***** Raw data

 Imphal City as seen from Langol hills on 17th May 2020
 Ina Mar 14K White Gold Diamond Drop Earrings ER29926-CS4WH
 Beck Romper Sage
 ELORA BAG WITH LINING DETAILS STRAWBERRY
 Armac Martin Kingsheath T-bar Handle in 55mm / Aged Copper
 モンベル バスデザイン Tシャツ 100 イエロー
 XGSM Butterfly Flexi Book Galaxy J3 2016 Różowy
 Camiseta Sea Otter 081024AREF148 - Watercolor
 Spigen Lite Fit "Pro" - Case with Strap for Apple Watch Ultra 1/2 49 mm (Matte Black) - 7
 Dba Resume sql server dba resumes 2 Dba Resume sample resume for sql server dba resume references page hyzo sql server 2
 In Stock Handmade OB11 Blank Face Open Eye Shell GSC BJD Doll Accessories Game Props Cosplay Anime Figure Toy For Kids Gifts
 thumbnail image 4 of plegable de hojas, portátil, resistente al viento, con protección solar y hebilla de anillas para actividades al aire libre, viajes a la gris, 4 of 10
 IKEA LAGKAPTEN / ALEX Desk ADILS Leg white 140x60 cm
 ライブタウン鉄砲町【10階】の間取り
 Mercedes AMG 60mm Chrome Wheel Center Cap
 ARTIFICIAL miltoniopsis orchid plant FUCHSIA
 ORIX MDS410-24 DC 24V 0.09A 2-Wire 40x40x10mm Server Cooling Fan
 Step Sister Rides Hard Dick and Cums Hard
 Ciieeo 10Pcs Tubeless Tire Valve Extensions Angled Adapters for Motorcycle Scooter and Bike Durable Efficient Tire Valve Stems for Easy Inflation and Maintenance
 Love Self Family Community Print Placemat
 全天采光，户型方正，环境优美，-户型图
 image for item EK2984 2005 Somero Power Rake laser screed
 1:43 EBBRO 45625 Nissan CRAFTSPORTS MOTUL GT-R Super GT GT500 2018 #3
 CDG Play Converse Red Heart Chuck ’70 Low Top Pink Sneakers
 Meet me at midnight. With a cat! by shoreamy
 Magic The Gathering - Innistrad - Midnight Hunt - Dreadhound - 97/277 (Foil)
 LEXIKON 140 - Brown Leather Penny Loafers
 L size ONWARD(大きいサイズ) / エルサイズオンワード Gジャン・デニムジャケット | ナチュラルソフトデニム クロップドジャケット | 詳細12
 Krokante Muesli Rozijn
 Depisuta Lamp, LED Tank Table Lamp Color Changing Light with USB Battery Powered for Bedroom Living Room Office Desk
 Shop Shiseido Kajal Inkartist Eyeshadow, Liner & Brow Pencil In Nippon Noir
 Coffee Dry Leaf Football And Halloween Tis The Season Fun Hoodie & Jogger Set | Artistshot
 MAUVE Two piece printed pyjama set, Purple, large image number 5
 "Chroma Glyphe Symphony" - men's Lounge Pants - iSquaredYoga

**********

Exercise objective. Copy out every entry exactly.

Finished exercise.
 Imphal City as seen from Langol hills on 17th May 2020
 Ina Mar 14K White Gold Diamond Drop Earrings ER29926-CS4WH
 Beck Romper Sage
 ELORA BAG WITH LINING DETAILS STRAWBERRY
 Armac Martin Kingsheath T-bar Handle in 55mm / Aged Copper
 モンベル バスデザイン Tシャツ 100 イエロー
 XGSM Butterfly Flexi Book Galaxy J3 2016 Różowy
 Camiseta Sea Otter 081024AREF148 - Watercolor
 Spigen Lite Fit "Pro" - Case with Strap for Apple Watch Ultra 1/2 49 mm (Matte Black) - 7
 Dba Resume sql server dba resumes 2 Dba Resume sample resume for sql server dba resume references page hyzo sql server 2
 In Stock Handmade OB11 Blank Face Open Eye Shell GSC BJD Doll Accessories Game Props Cosplay Anime Figure Toy For Kids Gifts
 thumbnail image 4 of plegable de hojas, portátil, resistente al viento, con protección solar y hebilla de anillas para actividades al aire libre, viajes a la gris, 4 of 10
 IKEA LAGKAPTEN / ALEX Desk ADILS Leg white 140x60 cm
 ライブタウン鉄砲町【10階】の間取り
 Mercedes AMG 60mm Chrome Wheel Center Cap
 ARTIFICIAL miltoniopsis orchid plant FUCHSIA
 ORIX MDS410-24 DC 24V 0.09A 2-Wire 40x40x10mm Server Cooling Fan
 Step Sister Rides Hard Dick and Cums Hard
 Ciieeo 10Pcs Tubeless Tire Valve Extensions Angled Adapters for Motorcycle Scooter and Bike Durable Efficient Tire Valve Stems for Easy Inflation and Maintenance
 Love Self Family Community Print Placemat
 全天采光，户型方正，环境优美，-户型图
 image for item EK2984 2005 Somero Power Rake laser screed
 1:43 EBBRO 45625 Nissan CRAFTSPORTS MOTUL GT-R Super GT GT500 2018 #3
 CDG Play Converse Red Heart Chuck ’70 Low Top Pink Sneakers
 Meet me at midnight. With a cat! by shoreamy
 Magic The Gathering - Innistrad - Midnight Hunt - Dreadhound - 97/277 (Foil)
 LEXIKON 140 - Brown Leather Penny Loafers
 L size ONWARD(大きいサイズ) / エルサイズオンワード Gジャン・デニムジャケット | ナチュラルソフトデニム クロップドジャケット | 詳細12
 Krokante Muesli Rozijn
 Depisuta Lamp, LED Tank Table Lamp Color Changing Light with USB Battery Powered for Bedroom Living Room Office Desk
 Shop Shiseido Kajal Inkartist Eyeshadow, Liner & Brow Pencil In Nippon Noir
 Coffee Dry Leaf Football And Halloween Tis The Season Fun Hoodie & Jogger Set | Artistshot
 MAUVE Two piece printed pyjama set, Purple, large image number 5
 "Chroma Glyphe Symphony" - men's Lounge Pants - iSquaredYoga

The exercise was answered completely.